INGREDIENTI: l’idea del trio sembra essere quella di unire una scrittura basata su melodie di facile ascolto e dall’andamento lineare con un’attitudine da psichedelia barrettiana, che prevede non solo il caratteristico suono secco e pungente, ma anche improvvisi saliscendi di intensità e, in alcuni casi, pronunciate armonie vocali. Nel corso del disco, troviamo diverse declinazioni di questo concetto di base: la doppietta iniziale Niente – Fuori Del Giorno va in costante crescendo dal punto di vista del tiro ritmico e del dinamismo e della robustezza sonori; Dietro Il Bosco sa di spensierata filastrocca estiva, con l’andamento da marcetta, gli accordi di piano e le armonie vocali che giocano un ruolo di primo piano nel dare leggerezza alla canzone; Sul Muro è invece instabile e nevrotica, e anche qui le sensazioni sono date non tanto dalla struttura compositiva del brano, ma dall’impostazione del suono e delle armonie vocali. Non mancano i momenti di morbidezza, come Era Spaziale e Sole, o estesi stacchi strumentali come in Non Toccare, per un disco che, come si vede dalla lista di strumenti utilizzati, non è per nulla pomposo, ma non manca certo di ambizione, vista la continua ricerca di arrangiamenti mai statici e che diano non solo colore, ma anche sostanza allo scheletro delle canzoni.
DENSITÀ DI QUALITÀ: quando una band riesce, già all’esordio, a basarsi su un’idea artistica ben definita e a metterla perfettamente in pratica, merita indubbiamente applausi. I Moblon fanno parte del novero di queste band, perché l’idea di coniugare una scrittura sostanzialmente pop-rock con un suono allo stesso tempo barrettiano ed estivo è già interessante in teoria, e viene poi resa ancor più valida nella pratica, grazie ad un modo di suonare e di cantare che gode di un’espressività fuori dal comune. Dal punto di vita sonoro, i continui e sempre differenti intrecci tra chitarra, piano e sezione ritmica sono sempre azzeccati e ogni volta danno la giusta vitalità alle canzoni; per quanto riguarda l’aspetto vocale, il timbro duttile, pieno e profondo di Giulia Laurenzi è indubbiamente carismatico e risulta importante per caratterizzare ulteriormente l’opera; inoltre, gli interventi degli altri due musicisti sono altrettanto essenziali per aumentare ulteriormente tutti i pregi sopra menzionati. Questo è un disco ispirato, frizzante, ben studiato e coinvolgente, e risulta un ascolto spensierato ma allo stesso tempo strabordante di idee.

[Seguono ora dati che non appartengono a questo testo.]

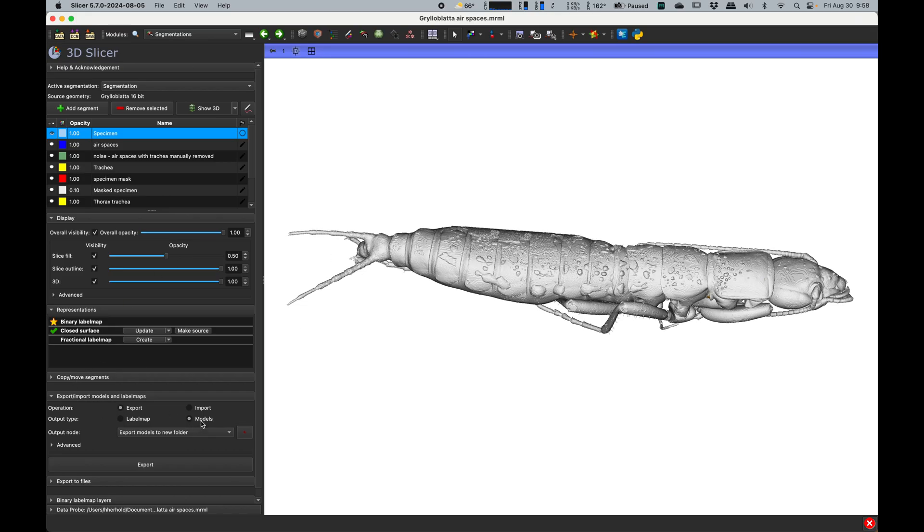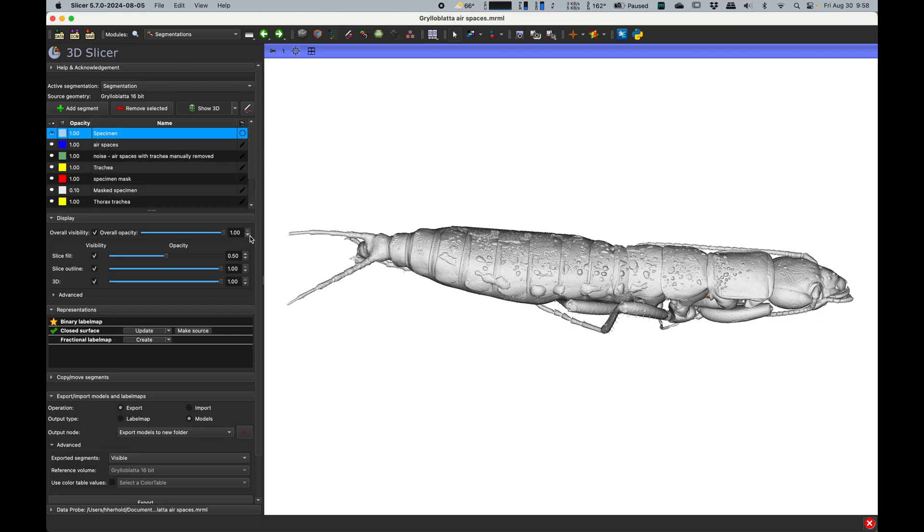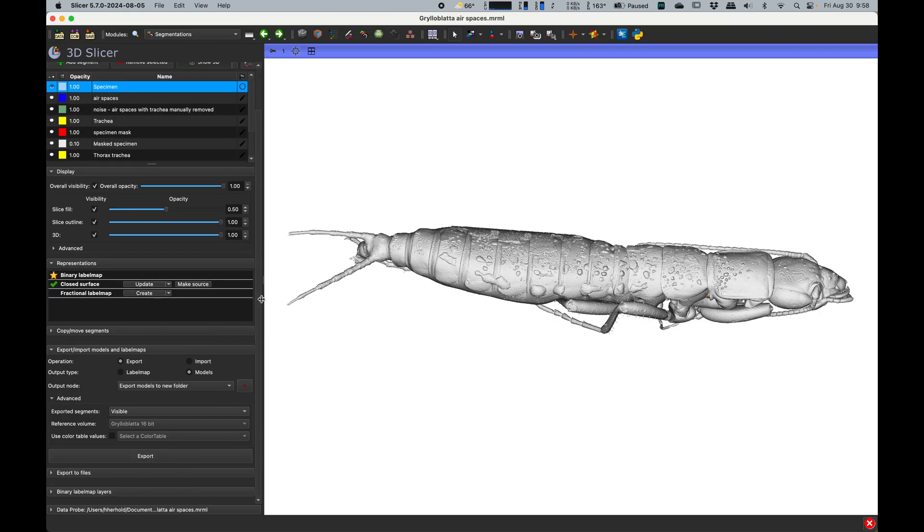Then I go to export models or label maps. I pick models, I want to put them in a new folder, and I want to do only the visible ones. Otherwise it'll do everything, which is not what I want in this instance. There's a lot of different things here and I only want these two, and then you click export. It takes a second and boom, it's done.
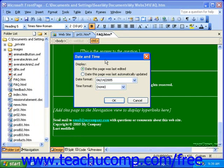In the Date and Time dialog box, select whether you want the page to display the date the page was last edited — that would be manually — or the date the last page was automatically updated.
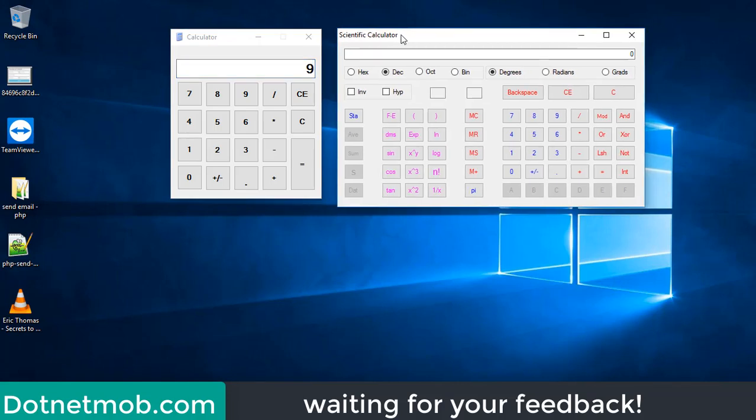The basic calculator is complete. I have also created a scientific calculator project, both designed based on the default Windows XP/7 calculator. I hope you find these projects useful. You can download the source code from the link in the video description. Please leave your comments and feedback below, thumbs up if helpful, and subscribe to DotNet Mob for more videos. Have a nice day, bye.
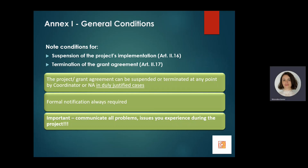Articles 2.16 and 2.17 of general conditions specify the circumstances under which suspension or early termination of your project might happen. Both suspension and early termination of the project and grant agreement can happen at any point at the request of either the beneficiary or the national agency, and a formal notification will be required. What is essential to understand here is the importance of communication — please keep communication channels open and let us know about any issues or problems you encounter during your project.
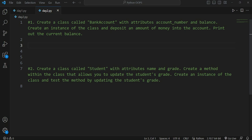Hey guys, welcome back to my channel. Today we are on day number two of our playlist where we are going to solve Python OOP questions. Yesterday we solved three questions, and today we are going to solve two questions. Question number one says: create a class called BankAccount with attributes account number and balance.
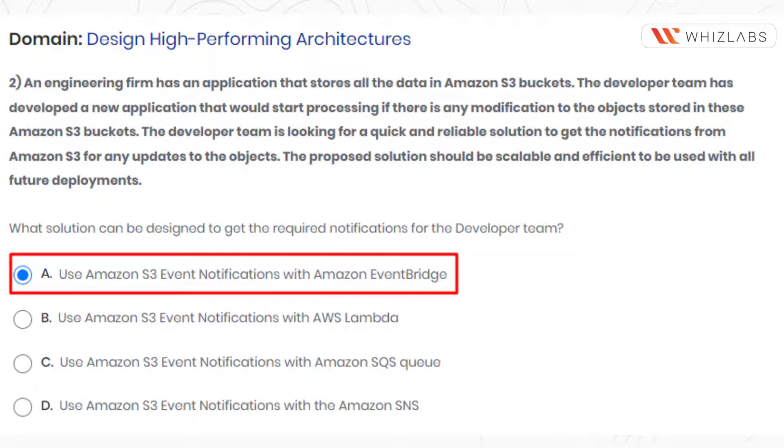The answer is option A: use Amazon S3 event notification with Amazon EventBridge.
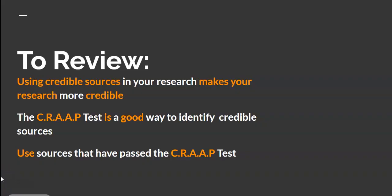To review: using credible sources in your research makes your research more credible. The CRAAP Test is a good way to identify credible sources and use sources that have passed the CRAAP Test.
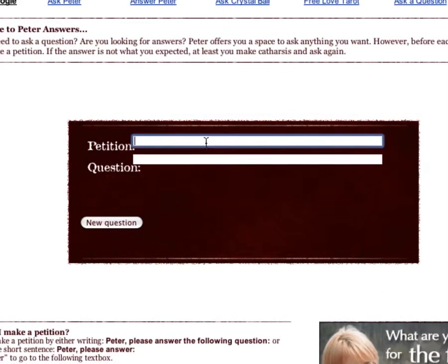Now what you do is you enter in the petition, which is 'Peter, please answer the following' — you can spoof it up or whatever. Then you type in the question; it usually gives you a policy so you don't enter in any information. I'll set the microphone down.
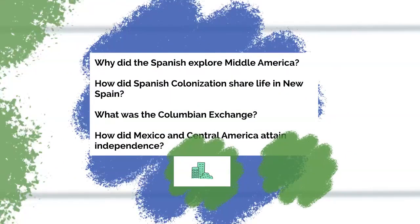Let's consider these big questions that we're also going to be addressing throughout the upcoming lessons: Why did the Spanish explore Middle America? How did Spanish colonization shape life in New Spain? What was the Colombian exchange? How did Mexico and Central America attain independence?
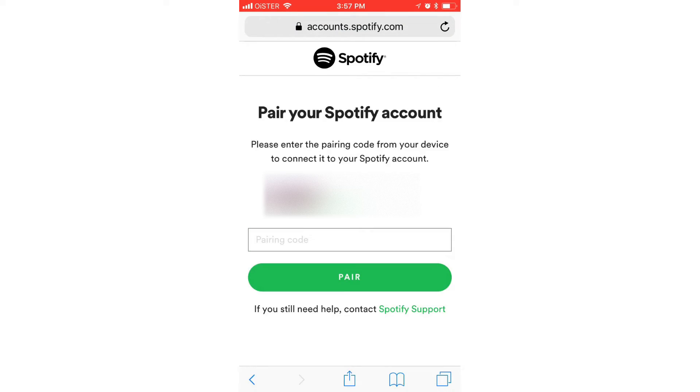And then I will see this page. Pair a Spotify account. Please enter the pairing code from the device to connect it to your Spotify account.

VELOCITÀ: come detto, varia.
IL TESTO: “C’è questa foglia rossa che ti segue e che è carina, si sofferma su di un piede, tu ci parli e mi sorride” da Dietro il bosco.
LA DICHIARAZIONE: ““t.i.n.a. è un disco Romantico. Un tuffo nella fede: l’adesione ad una verità nel buio. L’album nasce dalla negazione della ragione e dalla necessità di esotismo, coralità, tradizione, in un certo senso anche spiritualità, ricordando sempre di essere in fieri nel tempo. Il tema centrale del disco è proveniente da queste esigenze non corrisposte dalla nostra società, dunque è il sintomo di perdita della memoria collettiva, la rimozione dell’identità e l’alienazione””.